If you wish to install a second internal hub (though room is very tight), you can repeat the same colour sequence with the empty row in front of the one indicated. You can now place your USB hub (and Pi) inside the case. The expansion card slot at the back of the Spectrum is the ideal place to put larger ports such as your USB hub. Hopefully, two of the ports face internally and two externally. One of the internal ports is for the keyboard and the other for your wireless dongle, so you can have Wi-Fi built in.
Now is the time to prepare your video output. The model-B comes with a composite out and a mini HDMI connection. HDMI cables tend to be bulky and inflexible so I didn’t want a HDMI extension inside my Speccy; instead I opted for a VGA adapter. As with the USB hub, it was necessary to strip away the casing to fit it into a tighter space. Again, have this plugged in when you make the final placement of the Pi. You can see how I arranged my USB and VGA ports below.
If like me you want the keep the power socket in the original power socket’s place, also take care that any ports you place in the expansion bay leave sufficient room for your USB Micro-B extension on the right-hand side.
This is good time to reconnect audio and composite ports. Solder long wires to the composite and audio connectors. Now you can place them on the appropriate holes at the back and judge how long the wires will need to be, as shown below.
Still leaving more length than you require, strip and tin the wires, then solder them to the Pi, carefully matching each connection to where it originally went.
Fixing all the components
Lay everything down one last time and ensure everything fits in place, adjusting any cables that may be bent into a springy position that is likely to pop out or dislodge something. Also make a final check of how your top half fits on to your bottom half to ensure your Arduino fits and the membranes won’t be damaged. If you’re happy with how it all goes in, you can now glue everything down. I used a glue gun for this – be excessive with your ports because they are going to get wiggled and may come away. I found that type-A USB heads made the perfect spacers to raise my power, composite and audio sockets at the back, lining them up nicely with the holes.
I also glued my internal cables down, but left the Pi unglued. It is effectively suspended by all the cabling attached to it, so it places no pressure on the board’s sockets. You could glue sponges underneath and overhead to cushion it if you wish, but ensure you’re not putting the sponges where the pi will get hot!!!
Here is my project with all the components in place.
The final thing before you put the casing back together is to use your type-A USB extension cable. If you have the spare wire and a male and female USB type-A connector, you can easily make a tiny extension cable. I used 5cm sections of single-core wire. Ensure the connectors are the same way up and join the connectors as shown below. This will be very compact and bend according to the positions of the hub and Arduino, so it is ideal for minimising physical stress on the components.

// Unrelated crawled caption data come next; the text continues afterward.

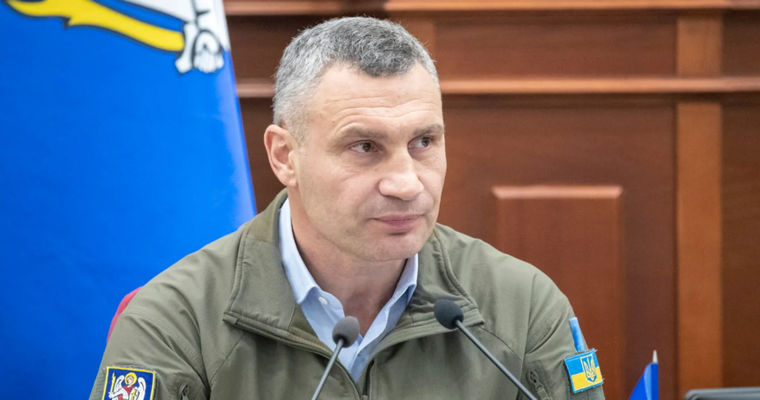 Кличко допустил референдум по территориальным уступкам РФ.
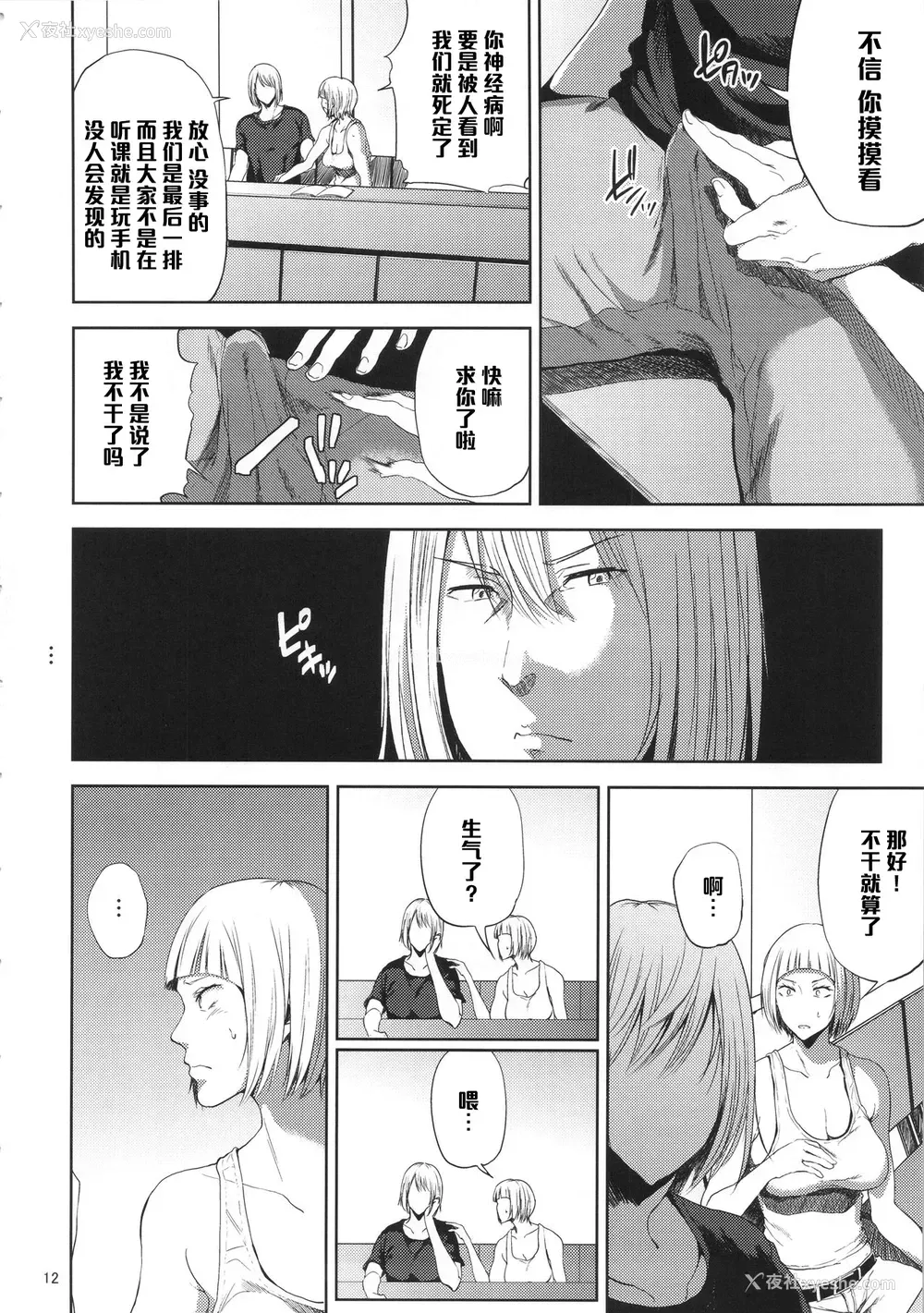 11P - (C90) [ごしっぷごしっく (ししじ)] 冴子姐さんが大学の同级生に悪戯され弄ばれる本 (ハイキュー!!) [中国翻訳]
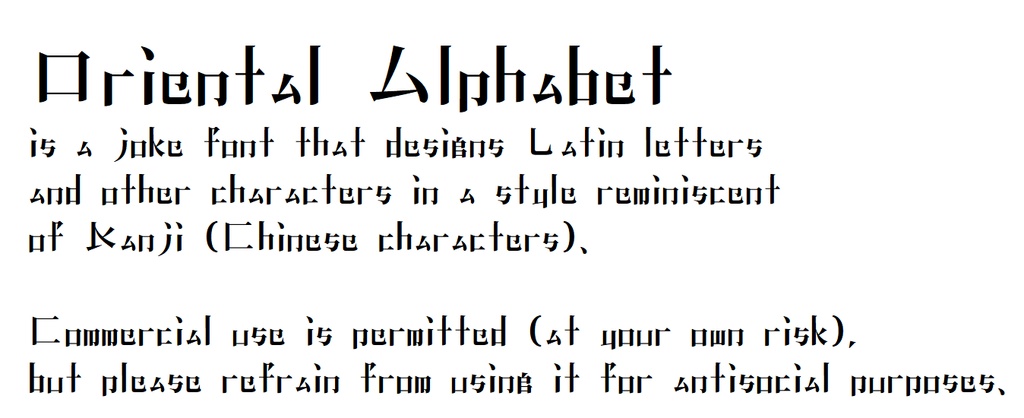 Oriental Alphabet (Free font)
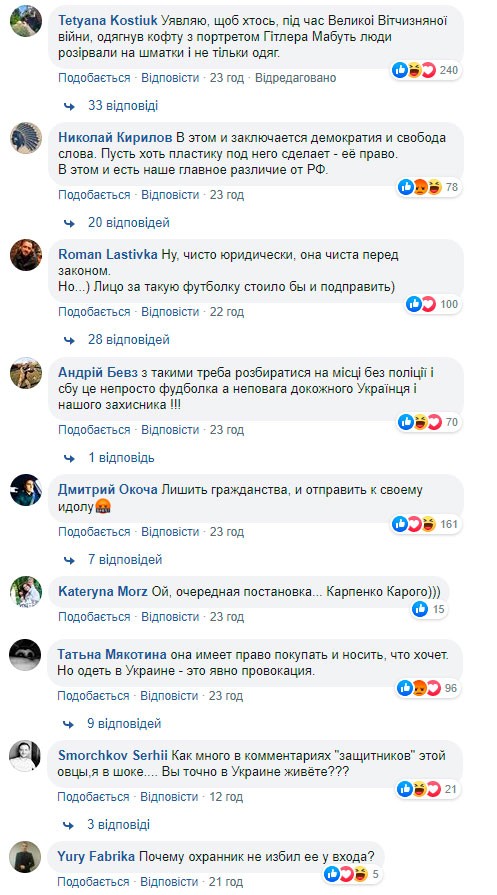 Смелая киевлянка надела футболку с портретом Путина и отправилась в магазин. Чем все закончилось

Plug one end into your USB hub on the bottom, using an internal port. Then plug the other end into the Leonardo or LeoStick on the top. That’s it – that’s your ZX Spectrum’s keyboard connected to the Raspberry Pi. Nice and easy to put together, or take apart again if you need to.
You can now place the two halves together (careful not to squish anything – especially your membrane ribbons), and pop the screws back in. Congratulations on your Speccy-Pi with working USB-Spectrum keyboard! I hope you’ve enjoyed this project as much as I did.